**EXERCISE GOAL**
Give again, word for word, every line in the entries below from the line with "Gordon Head Family Home - 物件實景" up to and including the line with "2017 مرسيدس - بنز سي 200 أي إم جي كوبيه", and no other line.

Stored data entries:
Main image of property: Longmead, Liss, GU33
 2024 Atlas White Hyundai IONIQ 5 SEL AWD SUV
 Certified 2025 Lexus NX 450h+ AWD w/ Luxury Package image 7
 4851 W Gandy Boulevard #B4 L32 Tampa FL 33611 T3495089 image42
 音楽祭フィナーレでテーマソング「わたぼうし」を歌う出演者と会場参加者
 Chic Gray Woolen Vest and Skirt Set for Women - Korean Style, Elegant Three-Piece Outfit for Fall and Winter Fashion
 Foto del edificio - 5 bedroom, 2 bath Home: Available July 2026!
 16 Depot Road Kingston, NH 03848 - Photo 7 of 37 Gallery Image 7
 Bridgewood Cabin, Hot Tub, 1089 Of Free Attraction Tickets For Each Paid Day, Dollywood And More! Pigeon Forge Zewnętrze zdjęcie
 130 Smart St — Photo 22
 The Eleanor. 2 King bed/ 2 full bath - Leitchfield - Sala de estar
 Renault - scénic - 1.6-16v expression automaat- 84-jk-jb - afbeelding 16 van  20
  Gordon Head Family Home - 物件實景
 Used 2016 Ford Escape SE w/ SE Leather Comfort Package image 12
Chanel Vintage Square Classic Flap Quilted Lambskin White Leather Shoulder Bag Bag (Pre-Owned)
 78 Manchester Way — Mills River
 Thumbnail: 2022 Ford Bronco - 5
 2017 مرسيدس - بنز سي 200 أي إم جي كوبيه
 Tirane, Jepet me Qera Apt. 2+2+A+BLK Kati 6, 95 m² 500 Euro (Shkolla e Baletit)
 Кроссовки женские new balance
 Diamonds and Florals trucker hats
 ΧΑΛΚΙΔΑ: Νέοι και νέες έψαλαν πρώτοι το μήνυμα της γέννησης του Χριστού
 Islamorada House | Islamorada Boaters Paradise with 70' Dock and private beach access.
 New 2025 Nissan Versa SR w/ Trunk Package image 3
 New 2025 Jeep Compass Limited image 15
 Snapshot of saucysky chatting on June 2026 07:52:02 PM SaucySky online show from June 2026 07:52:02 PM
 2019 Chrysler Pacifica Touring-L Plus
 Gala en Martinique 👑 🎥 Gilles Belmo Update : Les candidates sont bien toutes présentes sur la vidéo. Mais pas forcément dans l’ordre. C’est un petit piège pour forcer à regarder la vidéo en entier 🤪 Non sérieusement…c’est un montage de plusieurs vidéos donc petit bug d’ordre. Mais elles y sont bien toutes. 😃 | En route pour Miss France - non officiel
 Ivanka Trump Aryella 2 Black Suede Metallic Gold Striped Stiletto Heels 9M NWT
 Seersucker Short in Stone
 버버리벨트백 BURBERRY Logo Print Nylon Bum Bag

**RESULT OF THE TASK**
  Gordon Head Family Home - 物件實景
 Used 2016 Ford Escape SE w/ SE Leather Comfort Package image 12
Chanel Vintage Square Classic Flap Quilted Lambskin White Leather Shoulder Bag Bag (Pre-Owned)
 78 Manchester Way — Mills River
 Thumbnail: 2022 Ford Bronco - 5
 2017 مرسيدس - بنز سي 200 أي إم جي كوبيه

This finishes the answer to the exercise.